Blue-Eyed Devil And then there’s Lisa Kleypas’ Blue-Eyed Devil. The well-chosen title takes center stage and that guy walking down the road is all Hardy – the self-made Texan millionaire who had to scrap his way to the top.

Somebody to Love Not only is the cover of Kristan Higgins’ Somebody to Love low key with a feel-good quality, it also captures elements of the book – a place on the water, a dog, and a next-door-neighbor type of couple.

Tough Customer The covers for Sandra Brown’s romantic suspense tales are bold and direct. Tough Customer is one of her more striking covers. That bridge stretching far out into the water sets the suspenseful tone of the tale.

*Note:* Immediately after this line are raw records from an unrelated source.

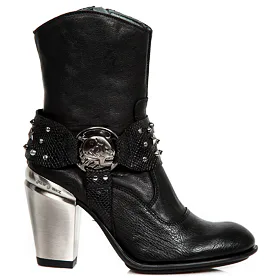 NEW ROCK BUFALO WILD NEGRO 41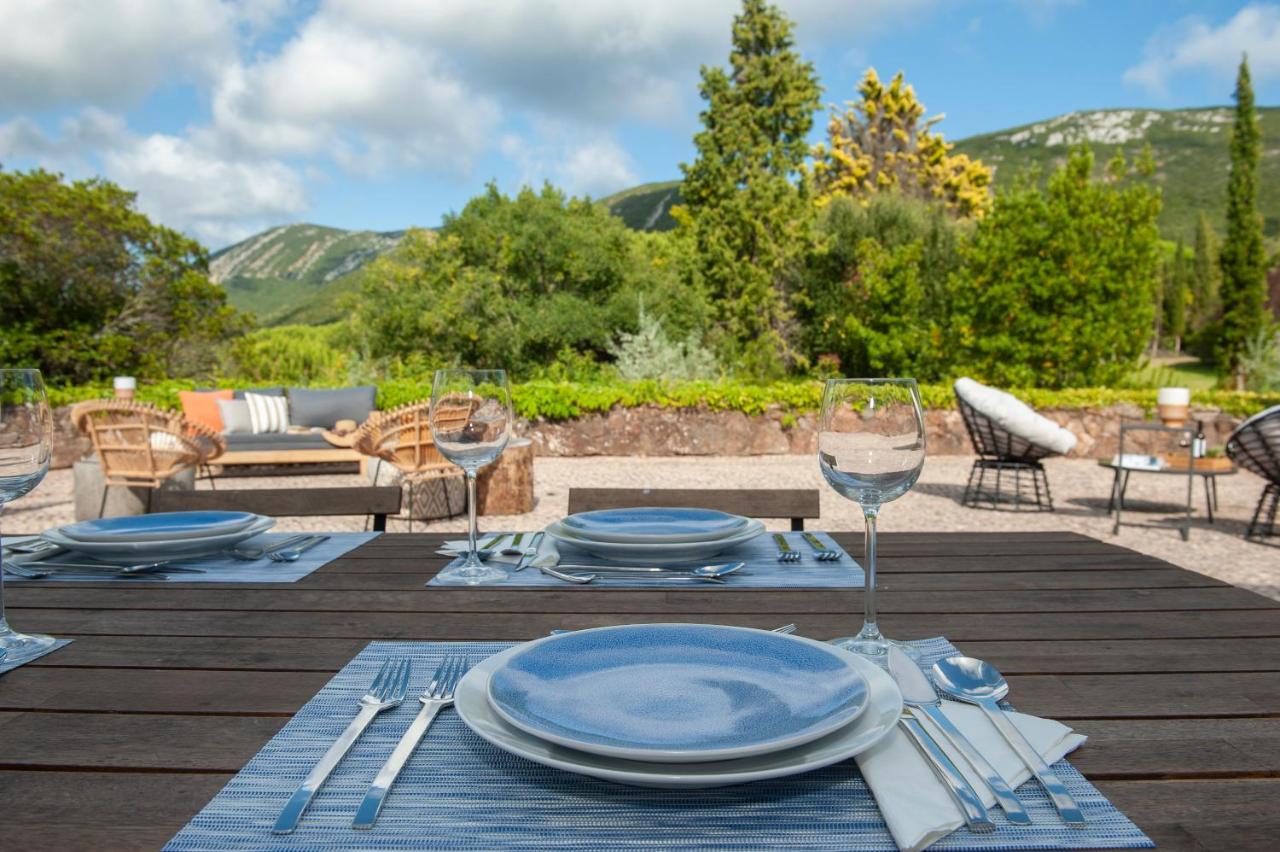 Quinta Da Arrabida Villa เซซิมบรา ภายนอก รูปภาพ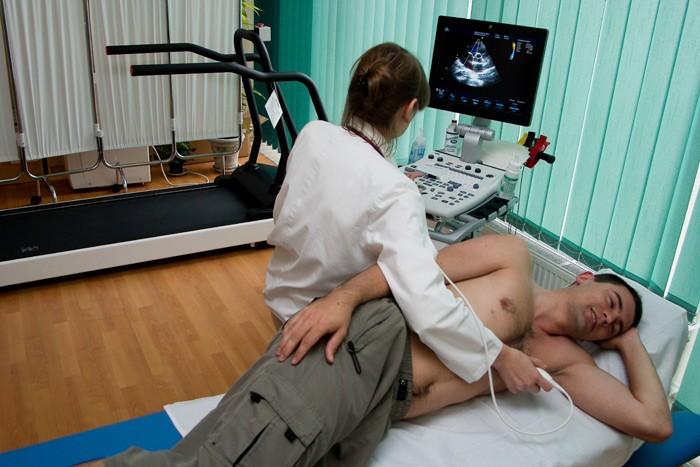 Cardiology centre in Hotel - Rehabilitation Center PALANGOS LINAS ***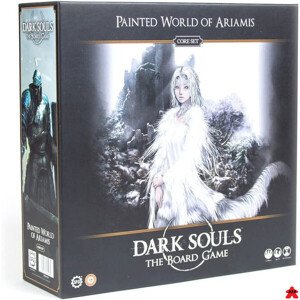 Dark Souls: The Board Game - Painted World of Ariamis - EN
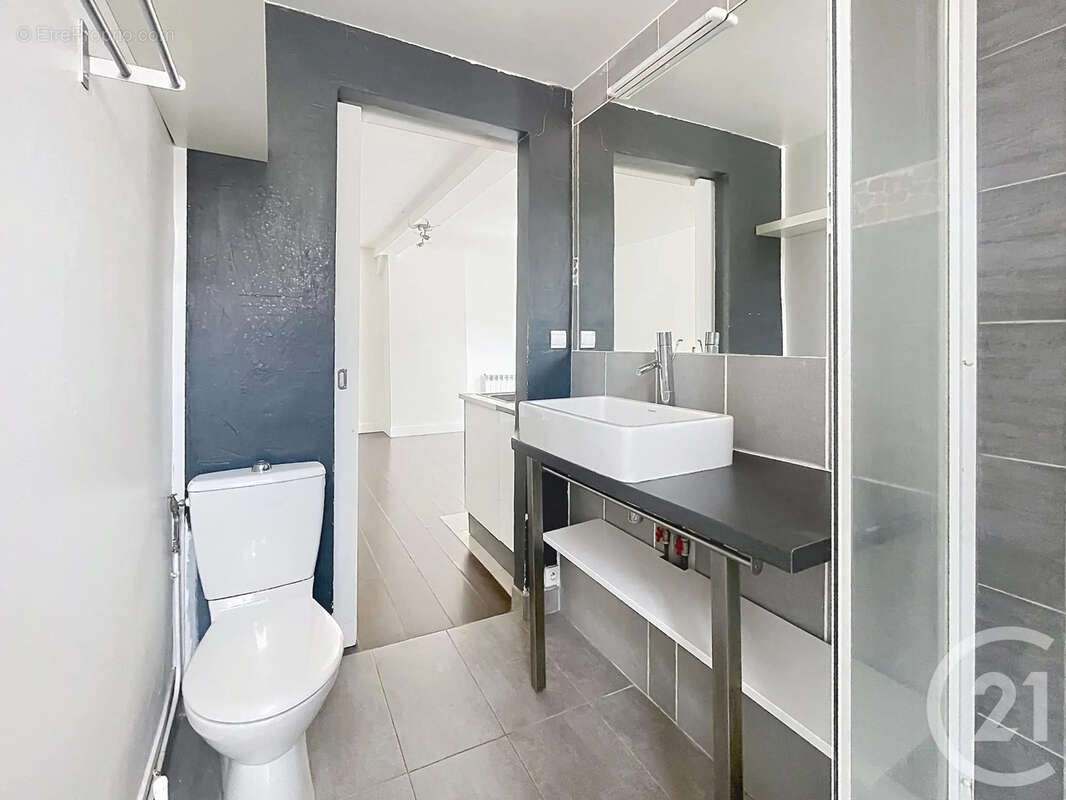 Appartement 39 m² à Melun  - photo 10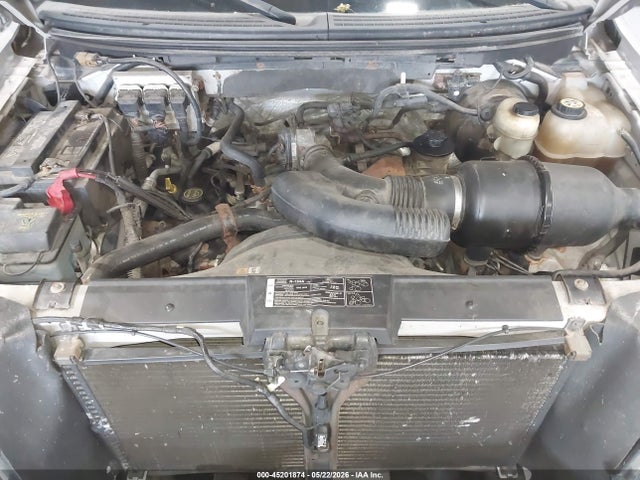 Продаж на аукціоні авто 2008 Ford F-150 Stx, vin: 1FTRX14W28FB59912, номер лоту: 45201874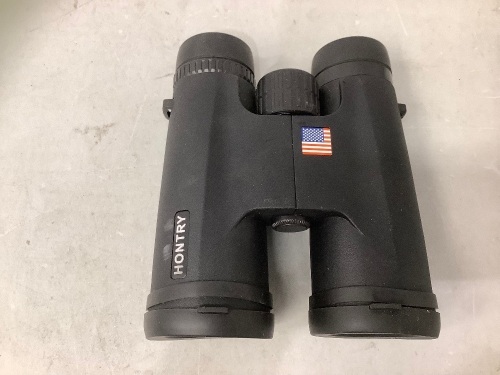 Hontry 10x42 Binoculars, Untested, E-Commerce Return - Lot 8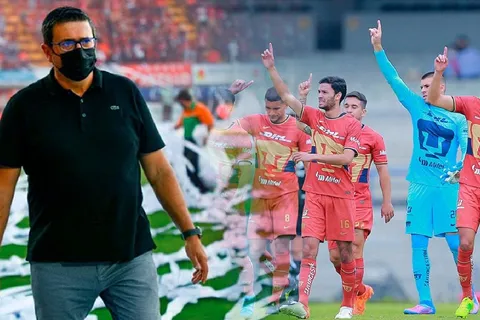 Iñaki Alonso sobre el objetivo ante Pumas: "Tenemos que ir por la victoria"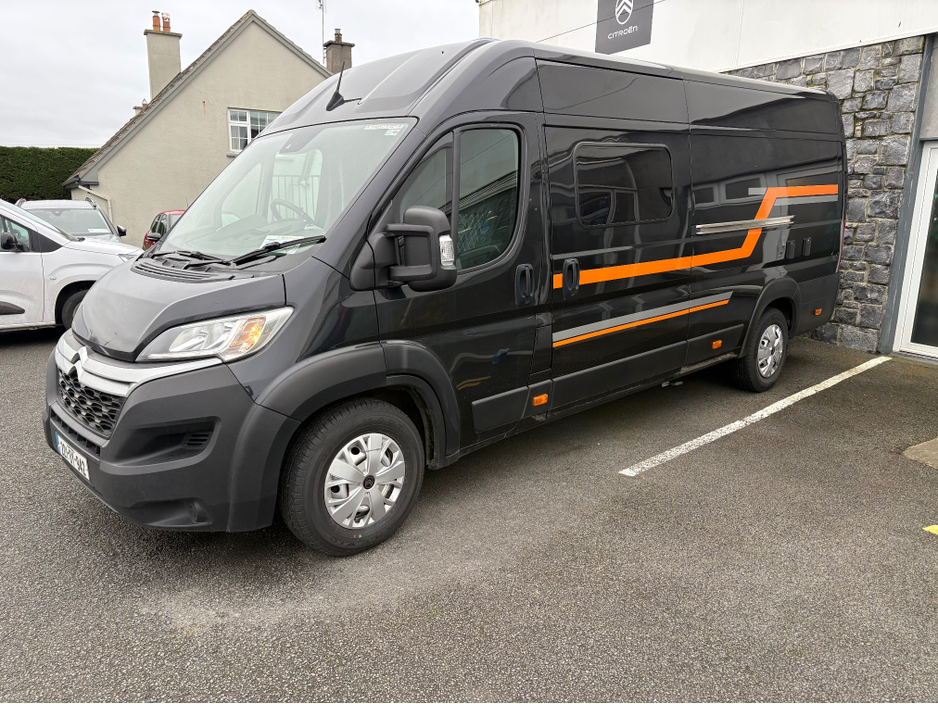 2022 Citroen Relay JUMPER 35 L4H2 ENTERPRISE BLUEH BLUEHDI 140 €75,000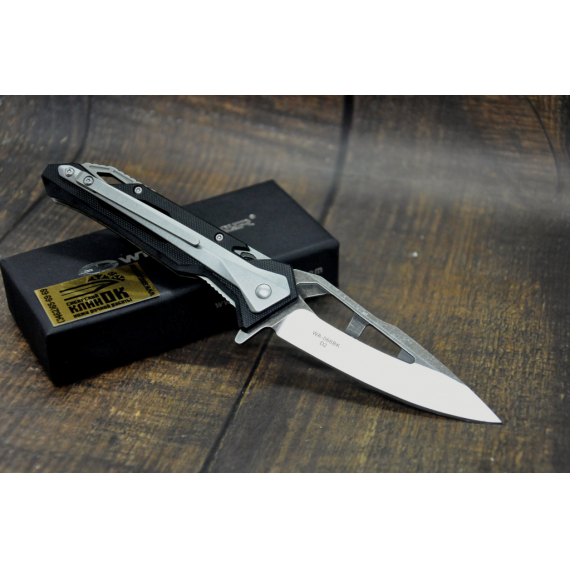 Складной нож " Fin" WA-066bk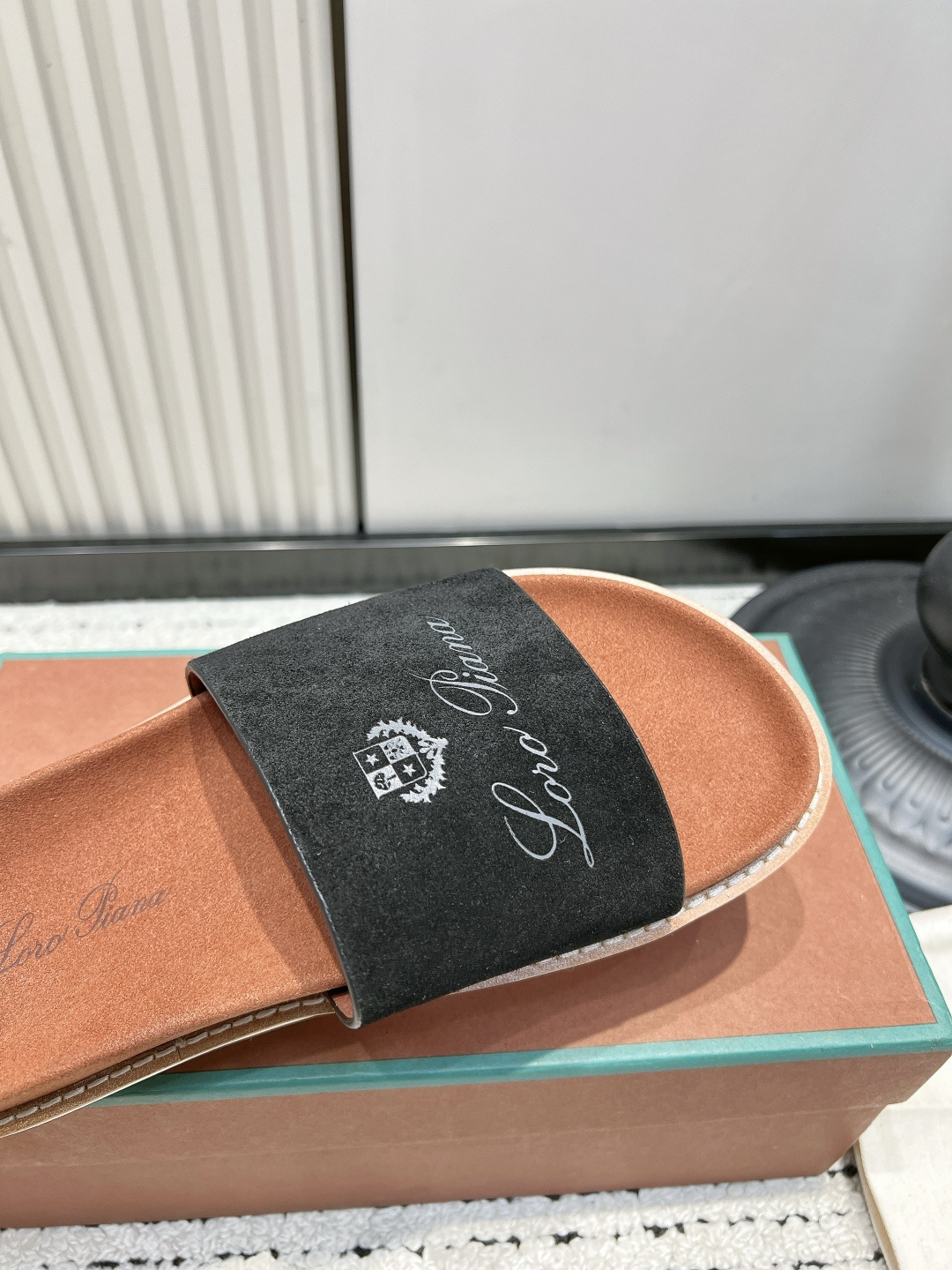 Loro Piana Slides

The Haunting Both the audio and print covers of Simone St. James’ The Haunting of Maddy Clare are evocative, drawing the listener/reader with both the title and the uncertain nature of the illustration. I believe the audio cover does a better job at forecasting that haunted feel. Strangely, the audio hard copy’s cover is different from the print cover while Audible uses the print cover.

Match Me If You Can Susan Elizabeth Phillips’ Match Me If You Can immediately sets the tone for this humorous and completely fun romance featuring Annabelle, my favorite contemporary heroine.

After the Night The audio version’s cover for Linda Howard’s After the Night sets the stage for this edgy romantic suspense featuring a disappearance in the sultry Deep South. No indication of a romance you say? The title draws the listener in.

The Autumn Bride Anne Gracie’s The Autumn Bride is another cover that I believe is more effective in audio than print. With its cover, Tantor projects to the listener that there is more to the story than a wedding.

Butterfly Swords Recorded Books used the original print cover of Jeannie Lin’s Butterfly Swords. It clearly projects an unusual setting for romance (758 AD Tang Dynasty) while exhibiting the heroine’s skill with her swords.

Twice Tempted Jeaniene Frost’s Twice Tempted is the rare bare chested cover that works for me. But hey, this is Vlad whose hands shoot flames – he’s gotta be a little hot. Flames surround him while his look of disgust shows he was forced to use his fiery skills.

The Covers Marked “Fail”

What about those covers that push you away rather than draw you in? Once again, for me, it’s all about that second look. If a cover repels me, I won’t explore an unknown book further. And unfortunately, two cover types we see quite often these days fall into this category – the clinch covers of old and the bodybuilder bare-chested man.

Clinch covers have been around romance for decades and I’ve never been a fan. I keep hoping they will just go away. What’s a clinch cover? Although I’m sure the definition varies somewhat, the classic clinch cover is that of a couple embracing with some piece of clothing partially removed. I’m willing to bet there are few romance listeners who are big fans of such covers. Why publishers continue to place these covers on books when the story is so much more than passion and sex mystifies me although I imagine it’s a quick fix “one type of romance cover fits all” type of situation. Why not concentrate on the actual content that makes up the majority of the hours we listen to?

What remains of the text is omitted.